# Failure Configuring Windows Update Loop!



## d_animality (Nov 25, 2007)

I have Problem with my laptop Acer Aspire..

Recent update caused my laptop to have infinite loop... and now its still in the loop due to failed update... what am i suppose to do? Ive googled for solutions but the solutions provided asked me to go to the windows and make some changes... However in my case i cant even go inside the windows to do these changes... what are other solutions? please help


----------



## dannpp2012 (Aug 5, 2012)

Have you tried hitting F8 when you boot windows and selecting last known good configuration?


----------



## spunk.funk (May 13, 2010)

As Dannpp2012 suggested, press *F8* at bootup. In the Advanced Boot menu, choose *Last Known good configuration *or *Safe Mode with Networking*, then go to Search and type *appwiz.cpl *and press enter.
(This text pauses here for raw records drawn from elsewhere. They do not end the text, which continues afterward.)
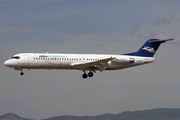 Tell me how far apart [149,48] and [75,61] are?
487 inches

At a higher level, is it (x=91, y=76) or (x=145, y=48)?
(x=145, y=48)

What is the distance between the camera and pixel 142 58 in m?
59.9

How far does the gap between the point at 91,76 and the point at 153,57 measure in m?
10.2

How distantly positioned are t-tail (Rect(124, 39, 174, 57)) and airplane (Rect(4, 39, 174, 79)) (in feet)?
3.13

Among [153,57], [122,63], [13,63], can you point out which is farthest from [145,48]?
[13,63]

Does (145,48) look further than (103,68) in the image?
Yes

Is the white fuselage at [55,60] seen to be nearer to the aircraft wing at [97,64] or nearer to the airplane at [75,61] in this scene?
the airplane at [75,61]

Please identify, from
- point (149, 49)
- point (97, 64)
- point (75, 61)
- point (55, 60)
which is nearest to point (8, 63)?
point (55, 60)

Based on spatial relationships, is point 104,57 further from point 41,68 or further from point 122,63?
point 41,68

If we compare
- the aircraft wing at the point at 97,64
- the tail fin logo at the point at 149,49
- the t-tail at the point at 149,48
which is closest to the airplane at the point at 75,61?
the aircraft wing at the point at 97,64

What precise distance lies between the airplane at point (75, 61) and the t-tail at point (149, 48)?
3.13 feet

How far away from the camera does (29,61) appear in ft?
181

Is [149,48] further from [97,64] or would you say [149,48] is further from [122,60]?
[97,64]

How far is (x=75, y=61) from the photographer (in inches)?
2222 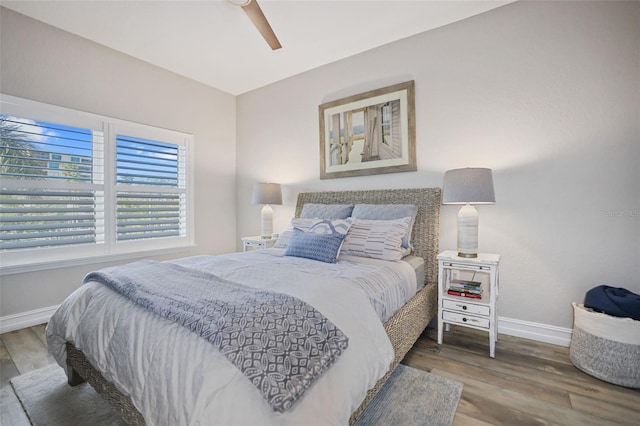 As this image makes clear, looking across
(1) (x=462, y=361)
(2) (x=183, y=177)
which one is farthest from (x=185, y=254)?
(1) (x=462, y=361)

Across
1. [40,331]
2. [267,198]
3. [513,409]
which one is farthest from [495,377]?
[40,331]

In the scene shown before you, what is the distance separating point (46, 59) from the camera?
8.99 feet

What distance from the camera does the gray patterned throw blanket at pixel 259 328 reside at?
92 cm

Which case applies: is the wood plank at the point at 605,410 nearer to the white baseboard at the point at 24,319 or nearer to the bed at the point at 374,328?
the bed at the point at 374,328

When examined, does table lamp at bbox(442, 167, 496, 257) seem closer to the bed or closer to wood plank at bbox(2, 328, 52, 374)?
the bed

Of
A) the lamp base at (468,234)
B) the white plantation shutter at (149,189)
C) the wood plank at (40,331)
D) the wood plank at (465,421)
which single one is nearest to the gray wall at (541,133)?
the lamp base at (468,234)

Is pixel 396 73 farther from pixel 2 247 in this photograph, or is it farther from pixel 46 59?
pixel 2 247

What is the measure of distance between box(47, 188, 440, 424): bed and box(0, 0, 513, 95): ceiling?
156cm

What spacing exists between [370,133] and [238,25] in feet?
5.41

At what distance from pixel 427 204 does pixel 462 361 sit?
1319 millimetres

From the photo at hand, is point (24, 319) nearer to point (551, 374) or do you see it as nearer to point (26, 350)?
point (26, 350)

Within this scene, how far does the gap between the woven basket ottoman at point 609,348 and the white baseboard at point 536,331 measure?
1.10ft

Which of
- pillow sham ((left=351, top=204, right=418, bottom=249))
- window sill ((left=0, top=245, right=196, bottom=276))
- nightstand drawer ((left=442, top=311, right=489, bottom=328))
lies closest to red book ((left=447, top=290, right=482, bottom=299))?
nightstand drawer ((left=442, top=311, right=489, bottom=328))

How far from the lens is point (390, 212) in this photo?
2.68 m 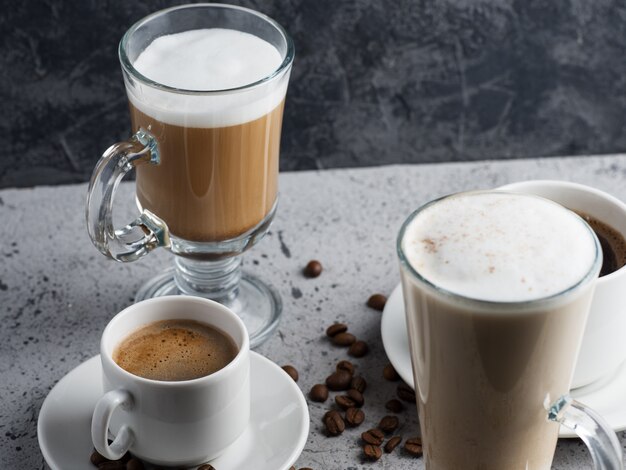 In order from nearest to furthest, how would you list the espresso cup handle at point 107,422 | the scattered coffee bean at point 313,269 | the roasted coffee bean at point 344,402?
the espresso cup handle at point 107,422 < the roasted coffee bean at point 344,402 < the scattered coffee bean at point 313,269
In *Programs and Features *you can uninstall the update.


----------



## d_animality (Nov 25, 2007)

Hey ok.. so i leave the computer for several hours... i dont know how long precisely and now its back to its normal condition (so glad phew~) ....However, its still on Win 8.. how can i upgrade it to 8.1? and is it free?


----------



## spunk.funk (May 13, 2010)

Go to the Apps store on the Metro screen and if it should be available for a free download.


----------



## Go The Power (Mar 5, 2007)

hello

*SFC /SCANNOW*

Right click on the







button
Click on *Command prompt (Admin)* => Press *Yes* on the prompt
Inside the Command Prompt windows copy and paste the following command *SFC /SCANNOW*
Please wait for this to Finish before continuing with rest of the steps.
 *Export CBS folder*


Right click on the







button
Click on *File Explorer*
Double-click on the *C: drive*, under the *Hard Disk Drives* category, and then scroll down to, and double click on the *Windows* folder.
Find and double click on the *Logs* folder.
Right-click on the *CBS *folder, and select *Copy*.
Go back to your *Desktop*, right-click on it, and select *Paste*. You should now see a copy of the CBS folder appear on your Desktop called *CBS*.
Right-click on this new folder, and navigate through *Send to*, and select *Compressed (zipped) folder*.
A new file, also called *CBS *(CBS.zip), but this time with a different icon, will be created.
Attach this to your next post please. 
 Please Note:: if the file is too big to upload to you next please post please upload via Dropbox or ge.tt


----------



## d_animality (Nov 25, 2007)

Hi i tried to update to win 8.1 from the store and this is what i got..


----------



## spunk.funk (May 13, 2010)

Windows 8 Single Language cannot be updated to 8.1 for free.


----------



## d_animality (Nov 25, 2007)

Ahh okay thanks for highlighting this... So my coming laptop is Win8.1 EM... What does "EM" means? Can this windows version be updated further in the future?

And as for the current laptop... So the only way to make it to 8.1 is by buying the retail version and install into the laptop?


----------



## Panther063 (Jul 13, 2009)

spunk.funk said:


> Windows 8 Single Language cannot be updated to 8.1 for free.


Question, what is Windows 8 single language, and how does it differ from other iterations?  I've never heard of it...


----------



## spunk.funk (May 13, 2010)

Windows 8 *S*ingle *L*anguage is a System Builder license. Single Language is a special edition of the Core edition which only allows 1 language to be installed. Since it is not an OEM build or a Retail version, you cannot upgrade to Windows 8.1 for free from the store. You can purchase a Windows 8.1 DVD from Microsoft


----------



## Panther063 (Jul 13, 2009)

Thanks for the explanation, I knew you would know


----------



## Go The Power (Mar 5, 2007)

Good catch there


----------